In the past few years, I’ve applied to well over 100 jobs. Out of all of them I have heard back from three–one saying yes, we would love to hire you, but you aren’t going to get paid. And two saying, thank you for your interest but we have already filled the position.

I have to be doing something wrong.

Maybe my resume is shitty? Maybe my cover letter is shitty? Maybe I’m shitty, maybe my college major was shitty and maybe all the work experience I have is really just a bunch of shitty shit?

Or maybe, just maybe, the jobs I’m applying to are shitty.

Shitty for me, that is. I think some people could do the jobs I’m applying for and be really happy and use the job as a way to help people and this world.

I got a message from Maggie this morning, one of the handful of women I know who not only understands but also acts on the desire to constantly be climbing or in the mountains. We talked about The Cycle: move back home, apply for shitty real jobs, get a few fun side jobs, make a little money, get rejected from all real jobs, and then….bail. Leave. Go climbing. And then when you’re out of money, start over.

Just hearing from her made me want to leave.
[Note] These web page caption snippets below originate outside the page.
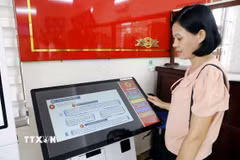 Người dân tình hiểu quy trình thực hiện các thủ tục hành chính tại Trung tâm hành chính công xã Giao Minh, tỉnh Ninh Bình. (Ảnh: Thái Thuần/TTXVN)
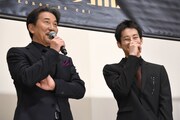左から役所広司、松坂桃李。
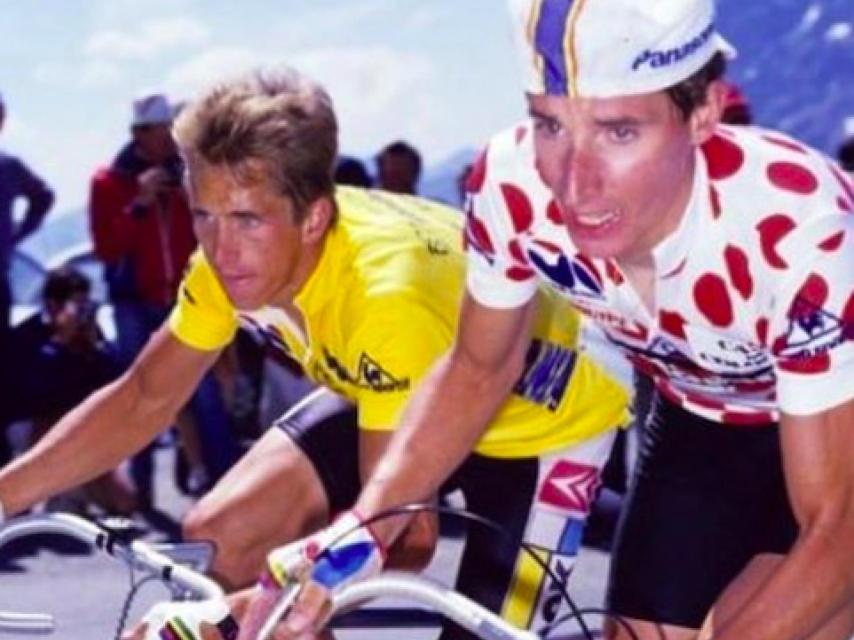 Robert Millar con el maillot de la montaña del Tour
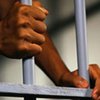 Компьютеры раньше срока выпустили преступников из тюрем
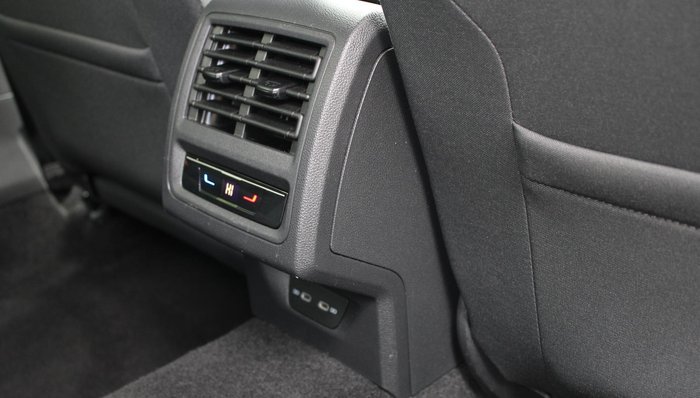 2021 Volkswagen Golf 110TSI Life 8 MY22 Pure White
But it also made me realize something else, something more important–I am applying for the wrong jobs. Doing a job just for the money is not who I am. It is highly inconvenient and sometimes annoying, but it’s just not me. I am not one of those people who can just suck it up. At least not right now, I’m way too young and stubborn for that.
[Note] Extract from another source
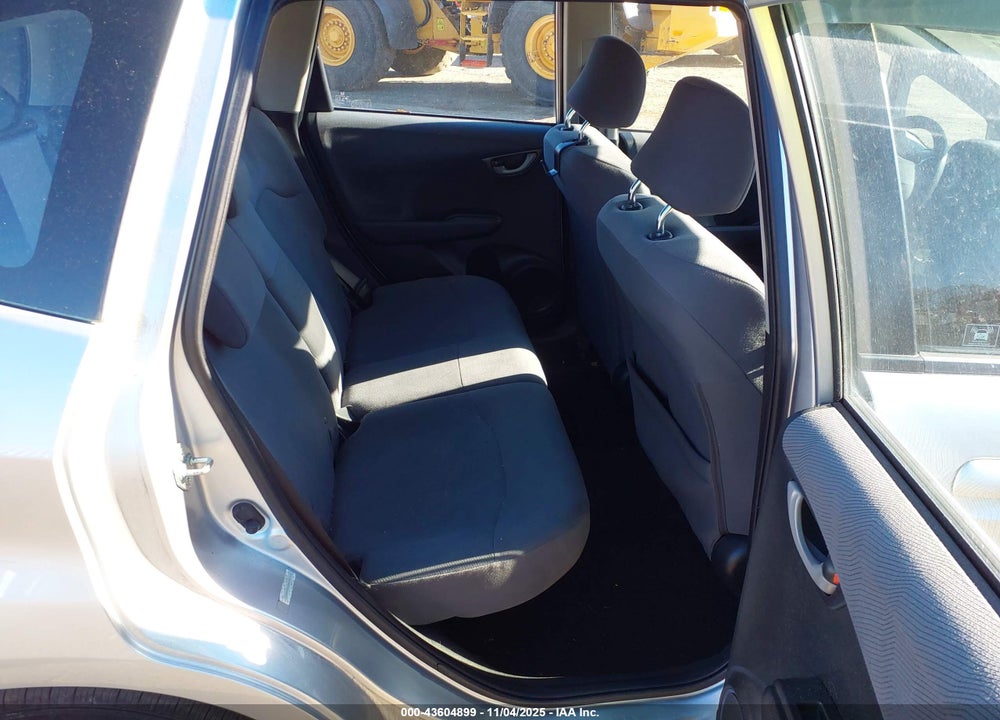 2013 HONDA FIT VIN: JHMGE8H38DC063315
No wonder I have been feeling so off. At times, even miserable. So unmotivated. So un-psyched. Not me, not at all. The trips to Bishop help, a lot, but after a few days of being back here, the stoke wears off and I’m back into the funk.

WAKE UP GEORGIE. With this year coming to an end, a year of doing nothing but traveling and being true as hell to myself, why have I fallen back into this cycle? Oh well. At least I’m aware of it. It’s a practice.

I asked myself this question this morning–what do you want to do? If you could make money doing ANYTHING, what would it be? And the answer was clear–somehow combine yoga, climbing, and the outdoors to help people heal. Heal from addictions, behavioral issues, abuse, eating disorders, trauma, PTSD, stress, being a part of this crazy world. I’ve always known I want to do that. I have no idea why I haven’t acted on it more so.

Oh well. At least I’m aware of it. It’s a practice.

Thanks Maggie for the message, thank you for reading, thanks climbing and yoga for keeping me true to myself and making me feel extremely miserable when I’m not acting like myself, thanks Mom and Dad for putting up with me and loving me, thanks to all of my friends, thanks Bishop, and thank you 2012.

And happy holidays. Love to you all.